What the partnership is building toward is a roughly 850,000-square-foot tower designed to be among the most amenity-rich office buildings in the city. The all-electric design by architecture firm KPF — the same studio behind One Vanderbilt and One Madison Avenue — trades the typical center core for a side core, opening up column-free floors with ceilings stretching from 15 to 22 feet, nine levels with private terraces, and nine more wrapped in loggias and oversized glass.

The lifestyle pitch lives in a two-floor amenity collection, unusual even by current Manhattan standards. There's a 215-seat auditorium, a tenant lounge anchored by an épicerie from Michelin-starred chef Daniel Boulud — extending a culinary partnership with SL Green that already runs through Le Pavillon at One Vanderbilt and La Tête d'Or at One Madison — and a landscaped terrace overlooking Madison Avenue. A luxury wellness center brings a tenant-only fitness club, spa-quality locker rooms, and what the developers call the only regulation-size padel court inside an office building, with a world-class restaurant planned for the ground floor.

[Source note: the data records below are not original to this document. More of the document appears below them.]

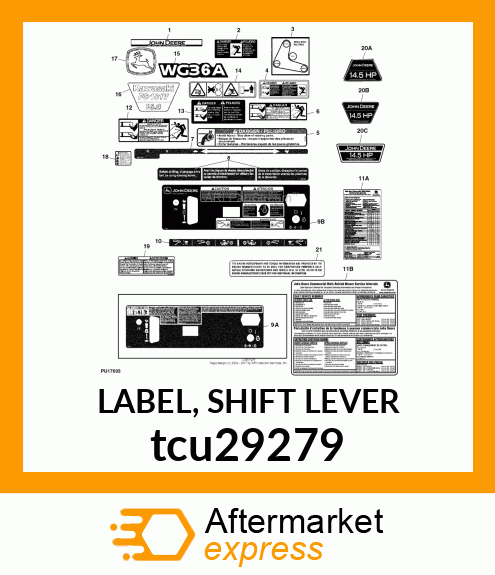 LABEL, SHIFT LEVER tcu29279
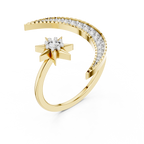 Selenara Crescent Moon & Star Open Lab Grown Diamond Ring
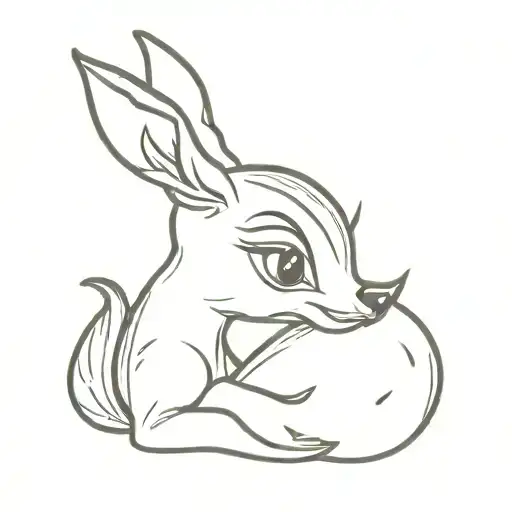 bambi the disney character with eating a small maltese pear tattoo design idea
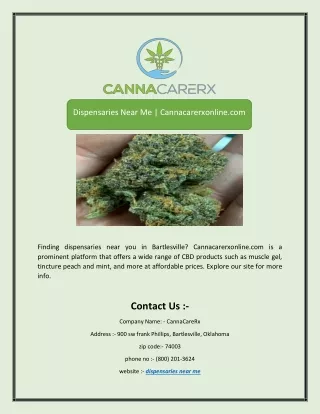 Dispensaries Near Me | Cannacarerxonline.com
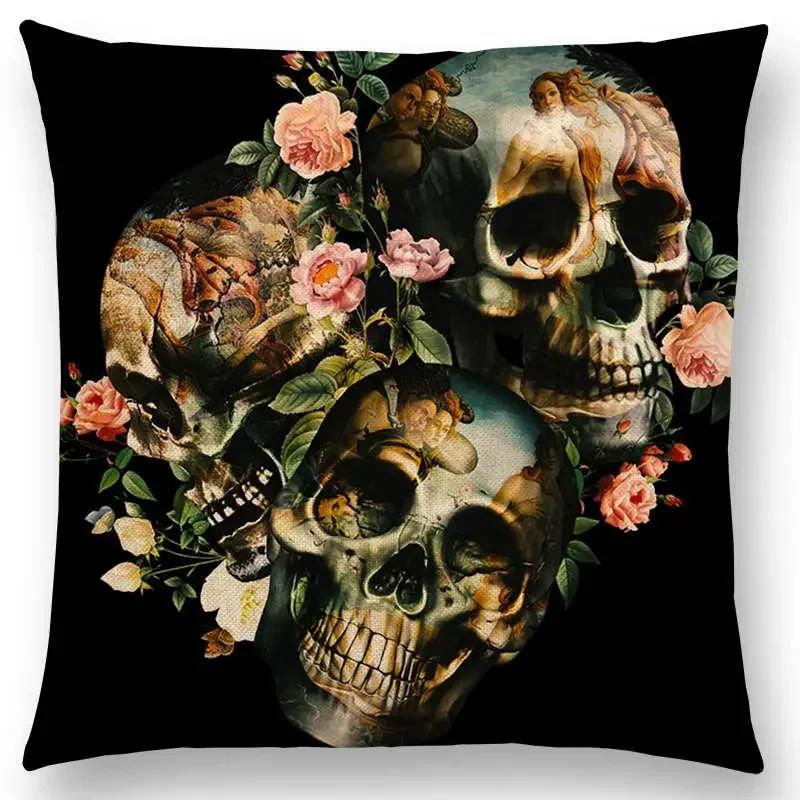 Latest Gorgeous Death Beautiful Skull Floral Garden Colorful Flower God Meaning of Life Cushion Cover Car Sofa Throw Pillow Case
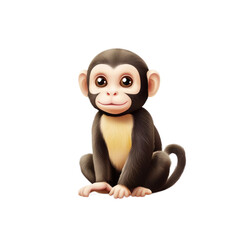 3D vector icon of Capuchin monkey isolated on transparency background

For Mori Building, the move deepens a relationship with SL Green that already includes a stake in One Vanderbilt next door, and it plants one of Japan's most influential developers at what SL Green chairman and CEO Marc Holliday calls the single best development site in midtown Manhattan. The corridor around it is in the middle of a transformation, with One Vanderbilt and the new JPMorgan Chase headquarters having reset the standard for the blocks west of Grand Central — and a wave of fresh Madison Avenue development following.
With demolition of the former Brooks Brothers building set for this fall and the tower targeted for completion in late 2031, 346 Madison enters the pipeline as a marker of where premium office demand is heading: toward fewer, finer, more thoughtfully designed addresses, in the one corner of Manhattan where tenants are still competing to be.